Dataset content: Begin
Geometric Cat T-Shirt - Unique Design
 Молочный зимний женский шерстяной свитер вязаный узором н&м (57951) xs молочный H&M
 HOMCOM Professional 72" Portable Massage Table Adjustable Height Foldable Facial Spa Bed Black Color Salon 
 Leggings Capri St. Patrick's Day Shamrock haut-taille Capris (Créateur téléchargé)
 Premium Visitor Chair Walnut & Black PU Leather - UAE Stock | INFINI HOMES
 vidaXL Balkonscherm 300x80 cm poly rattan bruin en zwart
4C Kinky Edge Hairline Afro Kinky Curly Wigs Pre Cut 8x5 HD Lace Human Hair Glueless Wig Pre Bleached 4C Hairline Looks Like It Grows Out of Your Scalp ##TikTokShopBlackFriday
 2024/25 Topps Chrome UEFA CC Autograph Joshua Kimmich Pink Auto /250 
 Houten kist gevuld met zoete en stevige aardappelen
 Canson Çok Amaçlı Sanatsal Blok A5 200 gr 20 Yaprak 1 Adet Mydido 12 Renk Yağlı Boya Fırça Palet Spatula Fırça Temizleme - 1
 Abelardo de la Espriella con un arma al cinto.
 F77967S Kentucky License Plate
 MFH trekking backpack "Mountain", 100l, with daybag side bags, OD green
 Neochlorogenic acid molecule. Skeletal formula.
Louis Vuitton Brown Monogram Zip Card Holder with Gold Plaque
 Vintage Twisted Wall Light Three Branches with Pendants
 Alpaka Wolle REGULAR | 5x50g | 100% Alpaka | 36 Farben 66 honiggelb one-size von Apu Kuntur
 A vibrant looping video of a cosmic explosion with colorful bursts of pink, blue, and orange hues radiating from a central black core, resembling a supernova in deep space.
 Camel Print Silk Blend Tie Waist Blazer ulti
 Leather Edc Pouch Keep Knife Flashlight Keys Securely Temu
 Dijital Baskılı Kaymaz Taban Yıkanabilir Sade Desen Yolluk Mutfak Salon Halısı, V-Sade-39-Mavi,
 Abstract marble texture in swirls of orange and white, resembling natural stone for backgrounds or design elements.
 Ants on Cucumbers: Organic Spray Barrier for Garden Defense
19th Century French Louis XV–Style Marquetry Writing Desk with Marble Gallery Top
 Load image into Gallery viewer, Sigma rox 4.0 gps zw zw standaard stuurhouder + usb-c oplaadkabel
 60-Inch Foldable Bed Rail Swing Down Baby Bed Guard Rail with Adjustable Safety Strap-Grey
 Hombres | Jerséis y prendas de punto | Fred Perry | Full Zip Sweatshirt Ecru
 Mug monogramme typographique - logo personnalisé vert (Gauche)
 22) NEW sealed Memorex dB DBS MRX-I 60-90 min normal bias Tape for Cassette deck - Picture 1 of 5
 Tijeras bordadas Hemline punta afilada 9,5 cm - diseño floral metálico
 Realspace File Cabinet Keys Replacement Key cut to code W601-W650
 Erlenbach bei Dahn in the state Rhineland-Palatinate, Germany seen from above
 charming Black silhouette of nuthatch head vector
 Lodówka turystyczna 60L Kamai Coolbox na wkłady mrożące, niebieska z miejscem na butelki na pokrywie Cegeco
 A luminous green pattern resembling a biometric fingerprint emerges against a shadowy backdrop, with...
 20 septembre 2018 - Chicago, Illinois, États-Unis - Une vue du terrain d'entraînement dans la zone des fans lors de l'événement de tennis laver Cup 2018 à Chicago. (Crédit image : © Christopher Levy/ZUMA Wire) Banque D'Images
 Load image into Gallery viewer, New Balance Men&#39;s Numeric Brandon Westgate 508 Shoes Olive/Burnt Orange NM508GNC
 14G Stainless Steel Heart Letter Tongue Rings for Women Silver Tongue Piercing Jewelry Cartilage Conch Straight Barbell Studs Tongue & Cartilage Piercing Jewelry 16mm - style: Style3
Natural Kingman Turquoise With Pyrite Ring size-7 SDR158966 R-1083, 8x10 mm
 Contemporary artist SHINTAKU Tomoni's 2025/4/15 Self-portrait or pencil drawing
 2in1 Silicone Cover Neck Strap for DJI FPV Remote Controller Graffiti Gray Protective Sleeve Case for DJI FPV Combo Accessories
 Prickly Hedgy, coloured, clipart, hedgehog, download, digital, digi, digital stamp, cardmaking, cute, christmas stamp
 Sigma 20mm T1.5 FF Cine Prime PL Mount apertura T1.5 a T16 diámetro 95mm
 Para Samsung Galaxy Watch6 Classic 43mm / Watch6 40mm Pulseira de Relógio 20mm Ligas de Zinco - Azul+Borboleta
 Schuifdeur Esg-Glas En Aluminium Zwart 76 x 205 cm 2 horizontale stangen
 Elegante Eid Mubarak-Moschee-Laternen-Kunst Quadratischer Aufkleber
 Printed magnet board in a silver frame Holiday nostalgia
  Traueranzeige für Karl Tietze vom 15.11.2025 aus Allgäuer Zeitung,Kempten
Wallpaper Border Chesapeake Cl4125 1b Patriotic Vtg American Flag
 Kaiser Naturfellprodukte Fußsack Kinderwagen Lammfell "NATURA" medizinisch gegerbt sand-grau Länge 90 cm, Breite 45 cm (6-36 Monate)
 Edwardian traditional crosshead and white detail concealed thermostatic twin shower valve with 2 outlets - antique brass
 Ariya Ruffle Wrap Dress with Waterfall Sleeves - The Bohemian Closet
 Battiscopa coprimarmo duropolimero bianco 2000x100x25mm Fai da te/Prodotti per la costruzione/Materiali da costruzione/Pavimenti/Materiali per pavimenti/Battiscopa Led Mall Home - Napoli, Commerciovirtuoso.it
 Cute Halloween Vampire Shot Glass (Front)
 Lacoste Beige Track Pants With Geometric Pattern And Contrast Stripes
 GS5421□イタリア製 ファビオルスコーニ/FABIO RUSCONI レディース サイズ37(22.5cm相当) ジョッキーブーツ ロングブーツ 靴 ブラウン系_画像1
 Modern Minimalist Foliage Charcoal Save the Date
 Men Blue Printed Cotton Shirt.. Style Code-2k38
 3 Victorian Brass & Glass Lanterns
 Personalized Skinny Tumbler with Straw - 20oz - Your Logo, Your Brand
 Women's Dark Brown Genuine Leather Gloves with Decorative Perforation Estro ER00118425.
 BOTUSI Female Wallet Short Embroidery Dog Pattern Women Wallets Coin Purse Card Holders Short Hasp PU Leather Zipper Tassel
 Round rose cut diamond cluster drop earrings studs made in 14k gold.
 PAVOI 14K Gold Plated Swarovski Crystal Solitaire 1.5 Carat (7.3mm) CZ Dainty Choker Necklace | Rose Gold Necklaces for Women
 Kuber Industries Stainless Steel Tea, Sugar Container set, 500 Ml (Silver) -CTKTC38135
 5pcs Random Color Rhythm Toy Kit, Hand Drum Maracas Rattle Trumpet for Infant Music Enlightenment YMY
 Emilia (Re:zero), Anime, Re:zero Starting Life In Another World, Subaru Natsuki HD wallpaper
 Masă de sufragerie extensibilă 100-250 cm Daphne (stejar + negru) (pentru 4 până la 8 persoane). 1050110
Dataset content: End
• Exercise aim: Show the lines in the entries above that include the string "Adjustable".

• Result for this task:
 HOMCOM Professional 72" Portable Massage Table Adjustable Height Foldable Facial Spa Bed Black Color Salon 
 60-Inch Foldable Bed Rail Swing Down Baby Bed Guard Rail with Adjustable Safety Strap-Grey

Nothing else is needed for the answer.